The special dispensation for resolution applicants under the IBC will help large corporations with good credit ratings to raise ECB at cheaper rates to fund acquisition of the stressed assets, at a time when the insolvency law is being tapped more vigorously than traditional mechanisms to resolve the bad debt menace.
Currently, ECB proceeds, denominated in either foreign currency or the rupee, are not permitted to be used for repayment or on-lending for repayment of domestic rupee loans. The move comes when several high-profile cases are at various stages of resolution. Of the 12 large cases (with total admitted claims of Rs 3.63 lakh crore) recommended by the central bank for resolution under the IBC, seven, including Essar Steel and Bhushan Power and Steel, are yet to be resolved. The central bank later recommended 29 more cases for resolution under the IBC.
“…it is proposed to relax the end-use restrictions under the approval route of the ECB framework for resolution applicants under CIRP (Corporate Insolvency Resolution Process) and allow them to utilise the ECB proceeds for repayment of rupee term loans of the target company,” the central bank said in a statement after the sixth bi-monthly monetary policy review.

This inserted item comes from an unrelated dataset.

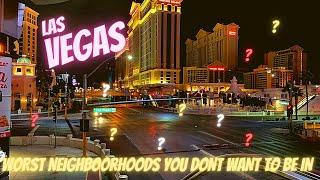 10 (Las Vegas) Worst Neighborhoods You Don't Want To Be In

Addressing media, Das ruled out the possibility of unscrupulous elements abusing this move. “Our decision gives no room to fly-by-night operator to bring in money just for the sake of bringing in money,” Das said. It’s a well-regulated process and only those companies which have been identified under the resolution process will be able to tap this route, he said.
The central bank will issue more guidelines in this regard by the end of this month. The IBC has proved to be far superior than other tools to recover dues. According to a recent RBI report on trends in banking, lenders recovered as much as 41.3% of their claims in cases where resolution took place under the IBC in FY18, against just 12.4% through other mechanisms such as the SARFAESI Act, debt recovery tribunals and Lok Adalats.